A granular lost circulation material for use in a wellbore during drilling operations to minimize loss of drilling fluid at a lost circulation area is disclosed. The granular lost circulation material comprises a granular material and a non-hardening tackifying agent. The granular material is coated with the non-hardening tackifying agent. The granular lost circulation material forms agglomerated particles, which form a filter cake at the lost circulation area.

Description

FIELD
This disclosure relates to drilling wells for producing fluids such as oil and gas and, particularly, to drilling wells where lost circulation is a concern.
BACKGROUND
In the process of drilling oil and gas wells, drilling fluid (also known as drilling mud) is injected through the drill string to flow down to the drill bit and back up to the surface in the annulus between the outside of the drill string and the wellbore to carry the drill cuttings away from the bottom of the wellbore and out of the hole. The drilling fluid is also used to prevent blowouts or kicks when the wellbore is kept substantially full of drilling fluid by maintaining head pressure on the formations being penetrated by the drill bit. A blowout or kick occurs when high pressure fluids such as oil and gas in downhole formations are released into the wellbore and rise rapidly to the surface. At the surface these fluids can potentially release considerable energy that is hazardous to people and equipment. The drilling fluids used for drilling oil and gas wells have been developed with weighting (densifying) agents to provide sufficient head pressure to prevent the initial release of high pressure fluids and gases from the formation. However, density alone does not solve the problem as the drilling fluid may drain into one or more formations downhole lowering the volume of drilling fluid in the hole and, thus, head pressure for the wellbore. The situation where drilling fluid is draining into one or more formations is called “lost circulation” or sometimes by other terms, such as “seepage loss” or simply “fluid loss” depending on the extent and rate of fluid volume losses to the formation.

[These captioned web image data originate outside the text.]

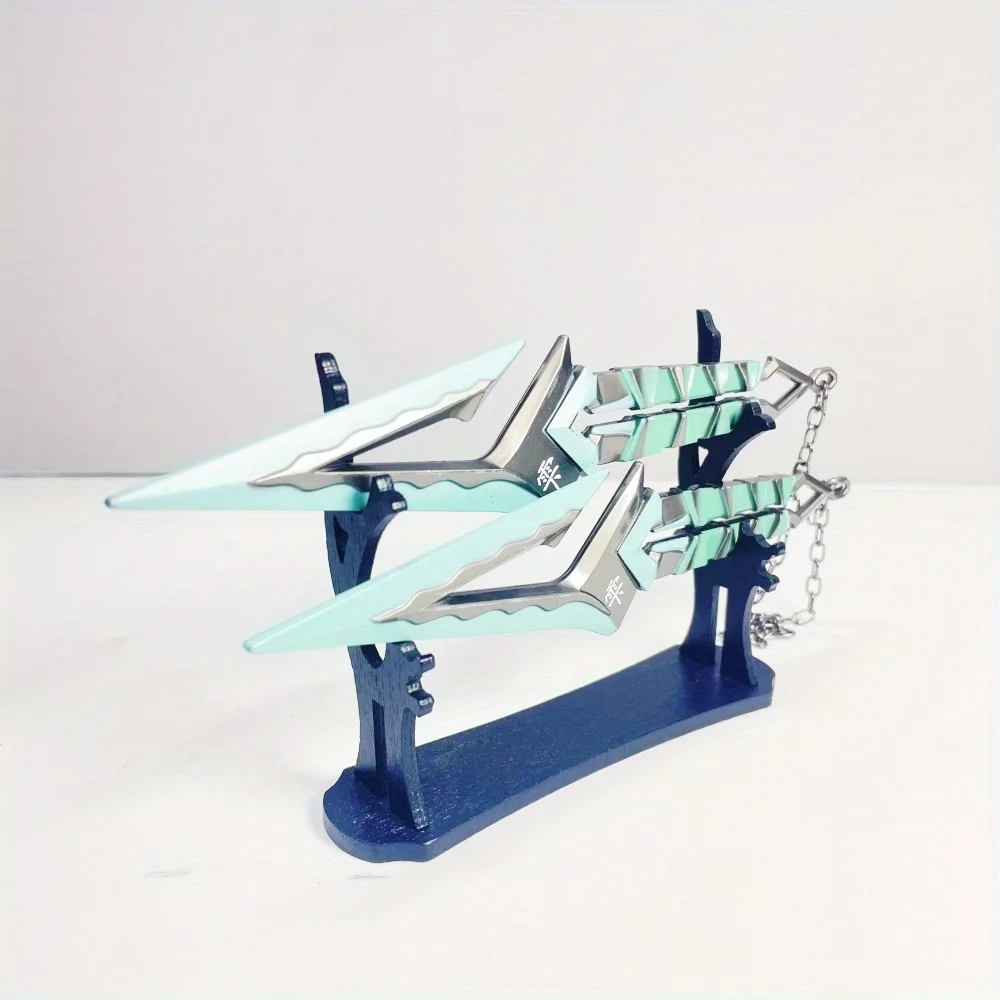 6.3인치 발로란트 쿠나이 메탈 카타나 검 일본 카타나 검 오리지널 사무라이 검 닌자 나이프 코스프레 액세서리 소품 장난감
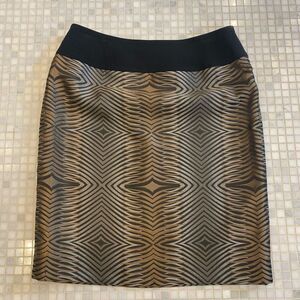 JanaKos Metallic Gold Textured Skirt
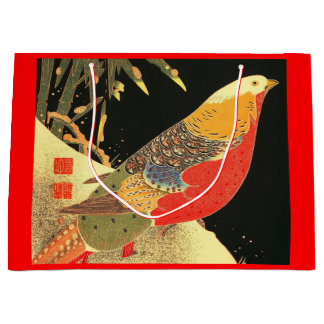 Meiji bird print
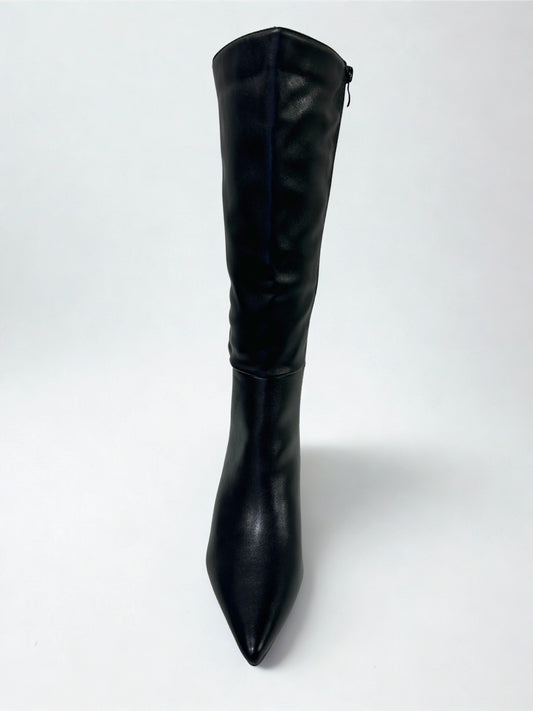 BOTA ALTA MARY TACÓN KITTEN NEGRO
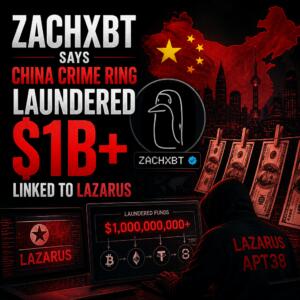 ZachXBT Says China Crime Ring Laundered $1B+ Linked to Lazarus Zachxbt Says China Crime Ring Laundered $1b+ Linked To Lazarus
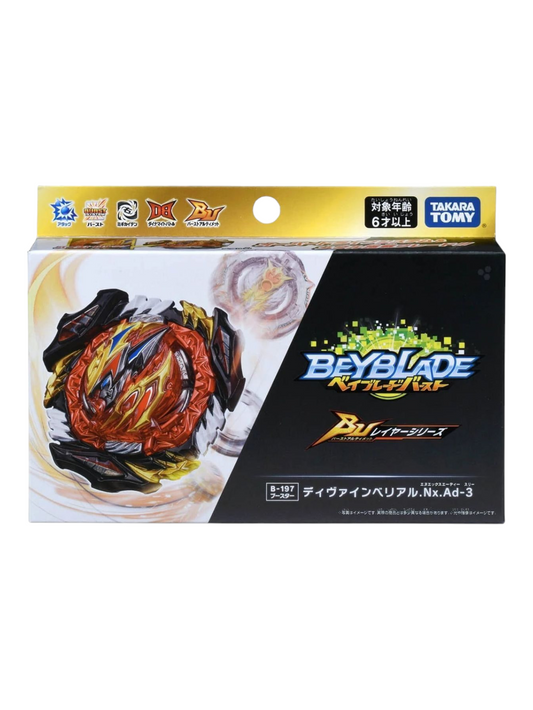 Takara Tomy Divine Belial .Nx.Ad-3 Burst BU Beyblade B-197
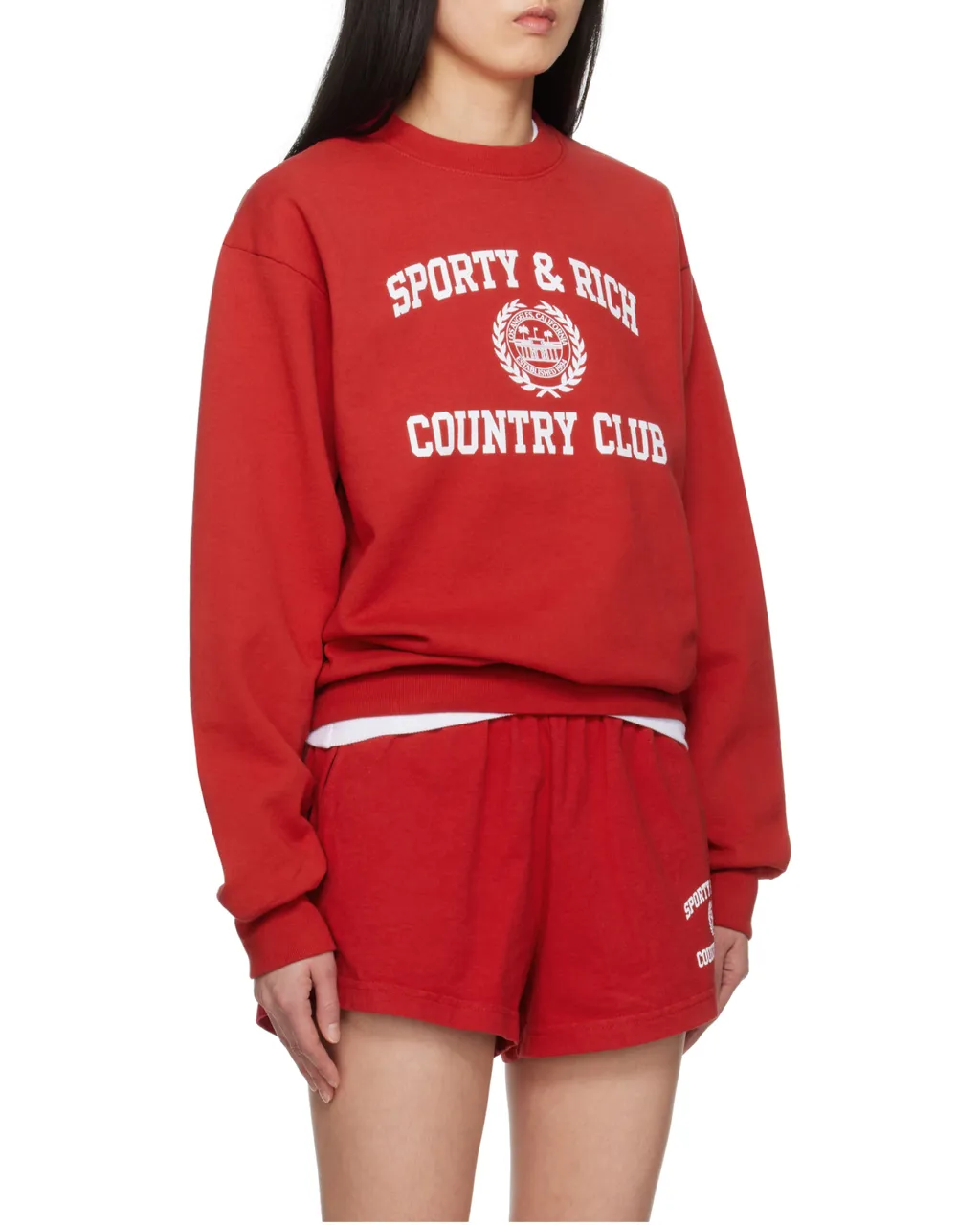 Sporty & Rich Logo Printed Crewneck Sweatshirt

Lost circulation and stuck pipe are two of the most costly problems faced while drilling oil and gas wells. To reduce the likelihood of lost circulation, particles of “lost circulation material” (commonly called “LCM”) are added to drilling fluids to plug the formations into which the drilling fluid is being lost. It is a simple and elegant solution in that the particles flow toward the leaking formation carried by the drilling fluid and then collect in the leaking formation at the side of the wellbore.
One type of lost circulation material is granular lost circulation material, which is a material chunky in shape and prepared in a range of particle sizes. Ideally, granular LCM should be insoluble and inert to the mud system in which it is used. Examples of granular LCM are ground and sized limestone or marble, wood, nut hulls, Formica laminate, corncobs and cotton hulls. Ground and sized marble can be desirable as a LCM because of its low cost and acid solubility. The latter allowing for removal of the LCM upon completion of the drilling and/or well completion operations. Unfortunately, granular LCM, in general, and marble, in particularly, is subject to degradation of particle size under shear stress such as it experiences downhole in well drilling and completion operations. Such degradation of particle size can adversely affect the granular LCM's function in the wellbore.

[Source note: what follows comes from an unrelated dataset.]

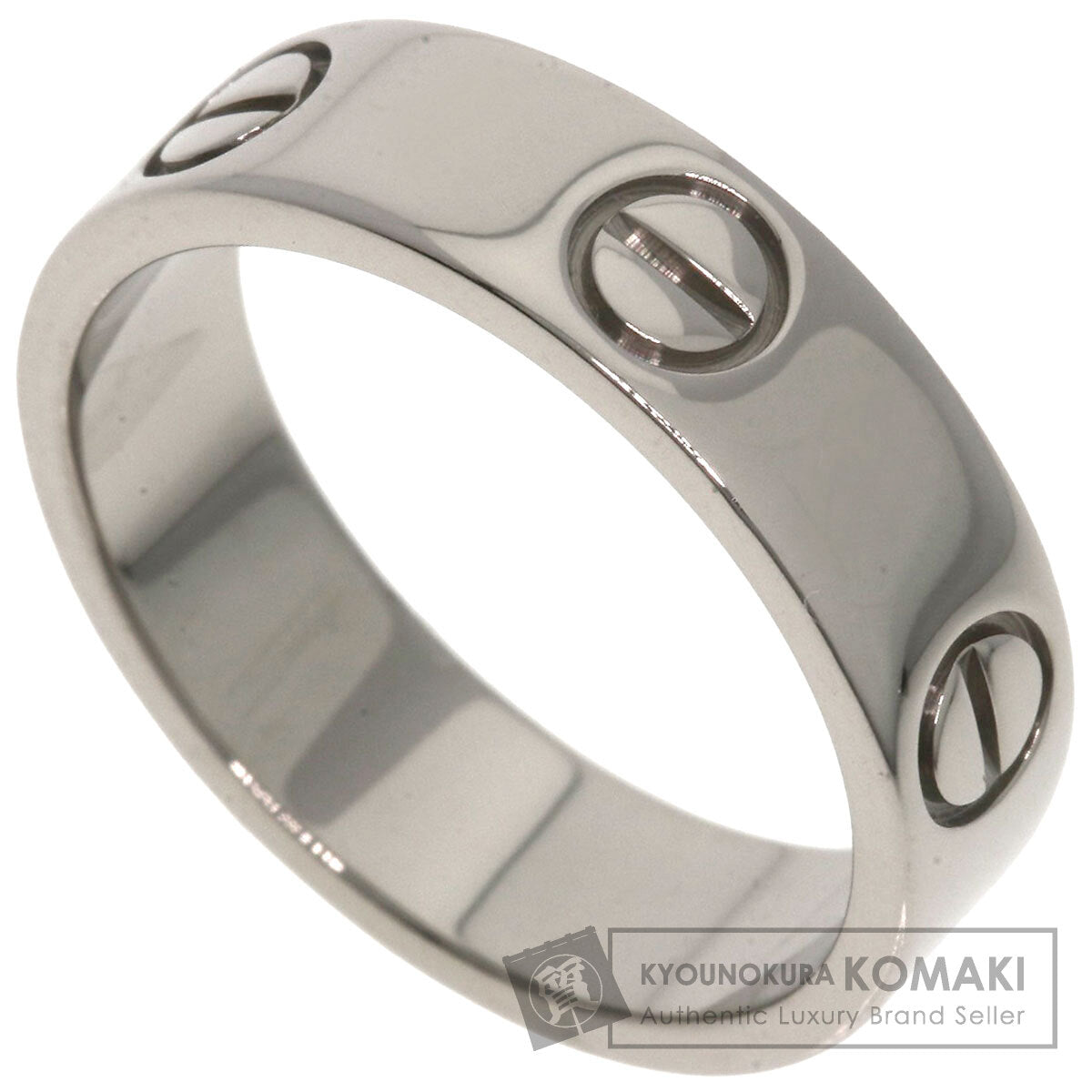 CARTIER   love ring #56 Ring  K18 White Gold Ladies [Used]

BRIEF DESCRIPTION OF THE DRAWINGS
FIG. 1 is a schematic illustration generally depicting a land-based drilling assembly.
DETAILED DESCRIPTION
The exemplary compositions disclosed herein may directly or indirectly affect one or more components or pieces of equipment associated with the preparation, delivery, recapture, recycling, reuse, and/or disposal of the disclosed compositions. For example, and with reference to FIG. 1, the disclosed compositions may directly or indirectly affect one or more components or pieces of equipment associated with an exemplary wellbore drilling assembly 100, according to one or more embodiments. It should be noted that while FIG. 1 generally depicts a land-based drilling assembly, those skilled in the art will readily recognize that the principles described herein are equally applicable to subsea drilling operations that employ floating or sea-based platforms and rigs, without departing from the scope of the disclosure.

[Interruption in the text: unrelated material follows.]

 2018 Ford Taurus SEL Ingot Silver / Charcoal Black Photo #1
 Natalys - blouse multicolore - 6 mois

As illustrated, the drilling assembly 100 may include a drilling platform 102 that supports a derrick 104 having a traveling block 106 for raising and lowering a drill string 108. The drill string 108 may include, but is not limited to, drill pipe and coiled tubing, as generally known to those skilled in the art. A kelly 110 supports the drill string 108 as it is lowered through a rotary table 112. A drill bit 114 is attached to the distal end of the drill string 108 and is driven either by a downhole motor and/or via rotation of the drill string 108 from the well surface. As the bit 114 rotates, it creates a wellbore 116 that penetrates various subterranean formations 118.
A pump 120 (e.g., a mud pump) circulates drilling fluid or drilling mud 122 through a feed pipe 124 and to the kelly 110, which conveys the drilling fluid 122 downhole through the interior of the drill string 108 and through one or more orifices in the drill bit 114. The drilling fluid 122 is then circulated back to the surface via an annulus 126 defined between the drill string 108 and the walls of the wellbore 116. At the surface, the recirculated or spent drilling fluid 122 exits the annulus 126 and may be conveyed to one or more fluid processing unit(s) 128 via an interconnecting flow line 130. After passing through the fluid processing unit(s) 128, a “cleaned” drilling fluid 122 is deposited into a nearby retention pit 132 (i.e., a mud pit). While illustrated as being arranged at the outlet of the wellbore 116 via the annulus 126, those skilled in the art will readily appreciate that the fluid processing unit(s) 128 may be arranged at any other location in the drilling assembly 100 to facilitate its proper function, without departing from the scope of the disclosure.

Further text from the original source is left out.